### What is being asked
Pick out all lines of the entries that include the word "simple" and copy them.

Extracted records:

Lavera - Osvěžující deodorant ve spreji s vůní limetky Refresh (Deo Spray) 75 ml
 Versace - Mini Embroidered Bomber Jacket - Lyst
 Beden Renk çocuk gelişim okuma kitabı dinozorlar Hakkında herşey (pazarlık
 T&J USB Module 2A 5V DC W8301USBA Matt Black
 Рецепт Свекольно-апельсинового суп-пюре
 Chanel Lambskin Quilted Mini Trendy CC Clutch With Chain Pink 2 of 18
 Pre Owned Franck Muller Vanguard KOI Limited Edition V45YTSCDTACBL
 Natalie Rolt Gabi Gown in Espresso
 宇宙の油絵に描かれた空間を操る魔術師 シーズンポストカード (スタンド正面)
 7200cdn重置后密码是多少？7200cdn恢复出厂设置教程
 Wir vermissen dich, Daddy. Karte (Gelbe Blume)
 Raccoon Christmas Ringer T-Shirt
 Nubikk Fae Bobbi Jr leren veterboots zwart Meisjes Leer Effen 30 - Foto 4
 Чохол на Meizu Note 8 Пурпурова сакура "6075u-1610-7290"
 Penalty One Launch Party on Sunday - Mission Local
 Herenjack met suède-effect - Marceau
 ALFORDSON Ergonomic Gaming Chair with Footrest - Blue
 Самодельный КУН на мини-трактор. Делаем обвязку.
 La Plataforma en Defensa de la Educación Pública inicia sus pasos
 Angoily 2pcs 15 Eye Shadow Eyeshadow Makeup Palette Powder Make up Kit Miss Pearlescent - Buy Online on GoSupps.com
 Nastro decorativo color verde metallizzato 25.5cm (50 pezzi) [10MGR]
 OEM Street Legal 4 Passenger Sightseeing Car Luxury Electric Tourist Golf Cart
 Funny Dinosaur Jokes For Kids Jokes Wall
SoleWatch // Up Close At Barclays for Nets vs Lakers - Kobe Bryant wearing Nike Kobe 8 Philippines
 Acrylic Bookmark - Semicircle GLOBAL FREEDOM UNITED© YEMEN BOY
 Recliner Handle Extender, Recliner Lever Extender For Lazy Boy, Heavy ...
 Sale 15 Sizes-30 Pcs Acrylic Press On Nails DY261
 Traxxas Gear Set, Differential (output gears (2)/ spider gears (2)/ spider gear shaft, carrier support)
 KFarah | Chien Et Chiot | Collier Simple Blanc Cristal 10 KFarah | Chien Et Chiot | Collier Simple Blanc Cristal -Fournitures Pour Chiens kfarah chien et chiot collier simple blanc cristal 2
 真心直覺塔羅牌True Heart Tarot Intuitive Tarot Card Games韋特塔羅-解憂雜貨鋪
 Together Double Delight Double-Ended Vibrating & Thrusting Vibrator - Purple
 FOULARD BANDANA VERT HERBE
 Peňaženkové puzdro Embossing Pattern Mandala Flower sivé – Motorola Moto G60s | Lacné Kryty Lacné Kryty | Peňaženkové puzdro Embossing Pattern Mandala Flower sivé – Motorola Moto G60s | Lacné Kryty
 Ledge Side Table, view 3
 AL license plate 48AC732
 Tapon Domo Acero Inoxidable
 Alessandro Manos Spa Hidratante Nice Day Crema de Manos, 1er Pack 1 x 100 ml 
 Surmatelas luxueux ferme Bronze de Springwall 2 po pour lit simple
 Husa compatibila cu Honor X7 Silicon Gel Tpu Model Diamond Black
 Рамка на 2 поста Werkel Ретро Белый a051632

### Response
 KFarah | Chien Et Chiot | Collier Simple Blanc Cristal 10 KFarah | Chien Et Chiot | Collier Simple Blanc Cristal -Fournitures Pour Chiens kfarah chien et chiot collier simple blanc cristal 2
 Surmatelas luxueux ferme Bronze de Springwall 2 po pour lit simple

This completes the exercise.